Die Mittagssonne knallt, wir haben noch ein Stück vor uns. Sowohl unser letztes Besichtigungsziel für den heutigen Tag als auch unsere Unterkunft liegen nah beisammen, beides quasi im Schatten des Ararat. Wir halten auf das Grenzviereck Armenien–Nachitschewan–Iran–Türkei zu, dann noch ein paar Kilometer, bis es zum Kloster Khor Virap abgeht, nahe am Fluss Aras und schon fast auf türkischen Territorium.
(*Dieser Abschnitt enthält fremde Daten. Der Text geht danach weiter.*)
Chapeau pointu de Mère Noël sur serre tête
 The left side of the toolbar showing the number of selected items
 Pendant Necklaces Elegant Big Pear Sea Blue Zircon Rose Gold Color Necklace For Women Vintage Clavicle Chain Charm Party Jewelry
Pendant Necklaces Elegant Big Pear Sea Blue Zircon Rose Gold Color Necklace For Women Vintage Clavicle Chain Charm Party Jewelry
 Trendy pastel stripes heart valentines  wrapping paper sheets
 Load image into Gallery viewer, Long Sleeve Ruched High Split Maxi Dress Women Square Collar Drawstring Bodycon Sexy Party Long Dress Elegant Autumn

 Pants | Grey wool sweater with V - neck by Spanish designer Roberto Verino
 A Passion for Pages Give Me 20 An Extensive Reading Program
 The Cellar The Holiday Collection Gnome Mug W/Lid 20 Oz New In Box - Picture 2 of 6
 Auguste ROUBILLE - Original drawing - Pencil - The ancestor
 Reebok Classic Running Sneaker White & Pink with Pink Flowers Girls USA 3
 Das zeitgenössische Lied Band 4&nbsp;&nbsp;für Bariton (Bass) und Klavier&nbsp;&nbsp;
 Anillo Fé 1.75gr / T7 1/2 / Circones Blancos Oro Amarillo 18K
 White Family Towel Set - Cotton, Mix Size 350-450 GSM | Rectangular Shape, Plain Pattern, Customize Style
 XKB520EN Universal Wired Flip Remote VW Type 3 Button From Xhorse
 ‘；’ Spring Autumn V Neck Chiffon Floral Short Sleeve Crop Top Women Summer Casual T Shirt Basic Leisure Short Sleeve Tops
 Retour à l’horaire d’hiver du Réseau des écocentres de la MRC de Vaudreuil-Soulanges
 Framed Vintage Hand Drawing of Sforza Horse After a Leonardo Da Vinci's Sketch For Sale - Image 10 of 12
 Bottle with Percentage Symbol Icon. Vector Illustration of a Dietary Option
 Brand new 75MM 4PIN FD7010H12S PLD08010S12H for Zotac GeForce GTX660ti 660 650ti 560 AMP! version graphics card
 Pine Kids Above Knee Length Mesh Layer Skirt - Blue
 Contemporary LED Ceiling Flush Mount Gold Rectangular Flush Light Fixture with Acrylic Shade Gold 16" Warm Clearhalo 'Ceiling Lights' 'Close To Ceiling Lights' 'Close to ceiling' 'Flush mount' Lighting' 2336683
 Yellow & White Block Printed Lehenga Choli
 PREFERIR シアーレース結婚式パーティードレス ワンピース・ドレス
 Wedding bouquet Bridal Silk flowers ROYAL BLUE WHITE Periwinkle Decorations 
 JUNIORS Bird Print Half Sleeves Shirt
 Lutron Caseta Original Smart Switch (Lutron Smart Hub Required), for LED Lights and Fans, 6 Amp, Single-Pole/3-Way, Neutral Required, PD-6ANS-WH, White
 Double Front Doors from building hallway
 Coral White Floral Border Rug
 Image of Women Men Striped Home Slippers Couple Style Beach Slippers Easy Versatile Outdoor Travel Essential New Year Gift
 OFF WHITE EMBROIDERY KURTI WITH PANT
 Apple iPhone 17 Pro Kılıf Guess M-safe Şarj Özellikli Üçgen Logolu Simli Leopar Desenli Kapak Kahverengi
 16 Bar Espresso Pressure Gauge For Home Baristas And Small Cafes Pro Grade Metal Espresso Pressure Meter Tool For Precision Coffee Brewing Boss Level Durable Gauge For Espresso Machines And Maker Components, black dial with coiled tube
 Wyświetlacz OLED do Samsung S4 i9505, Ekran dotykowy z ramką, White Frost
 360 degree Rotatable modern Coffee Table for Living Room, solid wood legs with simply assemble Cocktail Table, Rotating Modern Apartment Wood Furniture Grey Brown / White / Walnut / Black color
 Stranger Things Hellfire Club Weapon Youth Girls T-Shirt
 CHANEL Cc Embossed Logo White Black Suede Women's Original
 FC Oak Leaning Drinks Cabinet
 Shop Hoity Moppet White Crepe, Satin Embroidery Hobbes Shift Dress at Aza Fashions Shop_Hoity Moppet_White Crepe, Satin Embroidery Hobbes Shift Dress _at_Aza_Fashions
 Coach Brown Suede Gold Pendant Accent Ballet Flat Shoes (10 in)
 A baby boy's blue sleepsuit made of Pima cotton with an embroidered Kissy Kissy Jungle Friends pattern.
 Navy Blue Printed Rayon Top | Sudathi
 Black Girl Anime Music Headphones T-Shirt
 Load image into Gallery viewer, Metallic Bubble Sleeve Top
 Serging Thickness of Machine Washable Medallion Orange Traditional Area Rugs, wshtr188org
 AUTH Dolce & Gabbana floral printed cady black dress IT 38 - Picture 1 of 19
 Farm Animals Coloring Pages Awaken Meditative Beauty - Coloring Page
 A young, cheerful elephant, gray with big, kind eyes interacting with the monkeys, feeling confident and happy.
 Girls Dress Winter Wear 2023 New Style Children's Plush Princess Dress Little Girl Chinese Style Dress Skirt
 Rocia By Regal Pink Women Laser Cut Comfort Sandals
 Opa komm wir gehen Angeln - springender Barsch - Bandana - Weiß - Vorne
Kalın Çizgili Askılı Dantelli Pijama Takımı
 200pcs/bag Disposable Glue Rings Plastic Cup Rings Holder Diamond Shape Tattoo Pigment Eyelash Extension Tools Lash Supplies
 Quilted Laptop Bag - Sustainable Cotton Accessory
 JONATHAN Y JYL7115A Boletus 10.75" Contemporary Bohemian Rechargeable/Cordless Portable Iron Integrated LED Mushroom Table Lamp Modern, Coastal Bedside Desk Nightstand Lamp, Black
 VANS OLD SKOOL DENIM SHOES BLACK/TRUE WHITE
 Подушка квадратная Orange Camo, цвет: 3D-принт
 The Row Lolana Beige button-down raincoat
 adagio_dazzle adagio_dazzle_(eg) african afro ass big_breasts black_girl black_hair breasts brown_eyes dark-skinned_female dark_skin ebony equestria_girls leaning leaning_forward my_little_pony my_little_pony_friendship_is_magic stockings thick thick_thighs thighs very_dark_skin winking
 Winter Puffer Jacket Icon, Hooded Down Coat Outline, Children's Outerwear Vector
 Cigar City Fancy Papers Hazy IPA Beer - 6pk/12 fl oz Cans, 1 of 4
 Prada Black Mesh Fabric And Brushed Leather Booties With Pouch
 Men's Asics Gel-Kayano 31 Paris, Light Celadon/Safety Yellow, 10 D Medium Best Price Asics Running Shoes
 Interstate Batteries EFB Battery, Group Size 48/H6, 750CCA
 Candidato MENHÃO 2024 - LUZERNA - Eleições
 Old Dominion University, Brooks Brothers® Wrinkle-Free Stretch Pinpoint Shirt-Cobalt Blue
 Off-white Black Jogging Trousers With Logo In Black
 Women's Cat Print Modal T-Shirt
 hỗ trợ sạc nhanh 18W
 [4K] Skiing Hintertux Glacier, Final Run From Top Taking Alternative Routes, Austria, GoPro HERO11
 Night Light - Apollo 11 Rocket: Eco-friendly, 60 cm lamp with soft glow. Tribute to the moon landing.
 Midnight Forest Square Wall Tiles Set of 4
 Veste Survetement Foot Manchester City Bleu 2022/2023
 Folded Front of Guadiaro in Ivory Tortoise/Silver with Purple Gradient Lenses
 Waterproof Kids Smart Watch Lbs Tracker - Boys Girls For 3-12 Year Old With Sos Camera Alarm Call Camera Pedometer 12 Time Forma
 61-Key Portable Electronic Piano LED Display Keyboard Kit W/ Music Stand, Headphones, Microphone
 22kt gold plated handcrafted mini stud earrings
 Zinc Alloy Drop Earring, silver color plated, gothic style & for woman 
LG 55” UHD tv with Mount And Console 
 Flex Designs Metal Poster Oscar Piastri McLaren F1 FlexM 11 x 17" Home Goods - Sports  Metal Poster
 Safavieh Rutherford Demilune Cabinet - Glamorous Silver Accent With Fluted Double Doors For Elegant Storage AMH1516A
Khor Virap – „tiefes Verlies“ – spielt in der spirituellen Geschichte Armeniens eine wichtige Rolle. Der Überlieferung nach wurde hier Gregor der Erleuchter, der spätere „Apostel Armeniens“, im 3. Jahrhundert vom heidnischen König Armeniens gefangen gehalten, um ihn vom christlichen Glauben abzubringen. Nachdem Gregor den König jedoch von einer schlimmen Hautkrankheit geheilt hatte, ließ sich der Herrscher mitsamt seiner Familie taufen und verfügte, dass alle seine Untertanen den christlichen Glauben annehmen sollten. Seitdem gilt Armenien als das älteste christliche Land der Welt. Die Klosteranlage ist sehr übersichtlich, im Zentrum die „Mutter-Gottes“-Kirche. Hier findet heute eine Trauung statt, die wir zum Teil mitverfolgen. Nur etwa 200 Meter hinter dem Kloster verläuft der erste Grenzzaun zur Türkei – und dahinter erheben sich majestätisch von links nach rechts der Kleine und der Große Ararat. So schön, deutlich und nah haben wir ihn noch nie zu Gesicht bekommen.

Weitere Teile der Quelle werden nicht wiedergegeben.